– Tienes razón -musitó con profunda convicción.

Brooke notó que su desilusión era tan intensa como la suya. Saber que se había quemado con una relación amorosa fallida tocó una fibra sensible en su interior. Una vez despierta su compasión, no tuvo deseos de burlarse.

– Creo que he dejado sola a Sarah demasiado tiempo. Quizá si te quitaras la placa y el arma, no note tu uniforme. Puedes guardar todo, incluyendo el sombrero y el anorak, en el armario de la entrada.

Volvió a evaluarla detenidamente.

– Buena idea. Si necesito protegerte, siempre puedo recurrir al rifle.

El comentario devolvió a Brooke a la realidad.

– ¿Crees que ese asesino anda buscando a Sarah?

– Probablemente no -la alegría abandonó sus ojos-. Se trata de un fugitivo desesperado. Como ella ha podido escapar de él, seguro que seguirá huyendo. Tengo el pálpito de que se ha dirigido al Parque. Lo capturaremos.

La convicción en su profunda voz le provocó un temblor diferente por el cuerpo. Pudo entender el miedo que sentiría alguien si se hallara del lado equivocado de la ley. Vance irradiaba una seguridad y autoridad que poseían pocos hombres.

Al sentir la necesidad de hacer algo con las manos, alargó el brazo hacia el casete y le dio la vuelta.

– Iré a comunicarle a Sarah que te quedarás a cenar. Puedes ir a refrescarte al cuarto de baño de invitados. Es la primera puerta a la derecha por el pasillo -sin aguardar una respuesta, se dirigió a la cocina-. ¿Sarah? -llamó-. No debes sentir miedo.

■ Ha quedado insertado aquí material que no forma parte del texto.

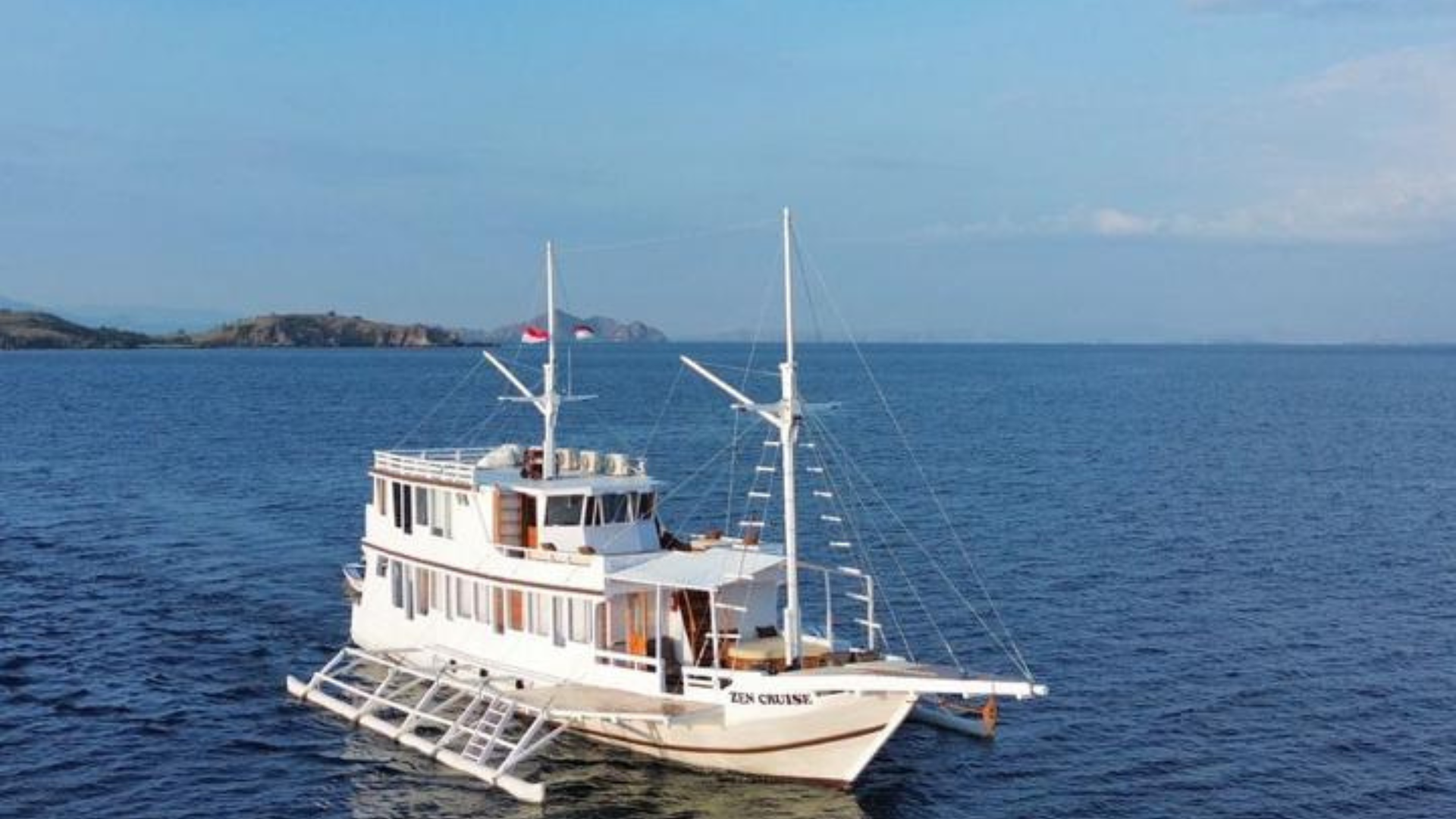 What to Pack for a Komodo Liveaboard Trip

Ha venido uno de mis buenos amigos… -calló al darse cuenta de que no había rastro de la pequeña.

Quizá se escondía bajo la mesa. Pero al levantar el borde del mantel rojo para echar un vistazo, no encontró nada. «Por favor, no me digas que estabas tan aterrada que te lanzaste a la tormenta desde la puerta de atrás».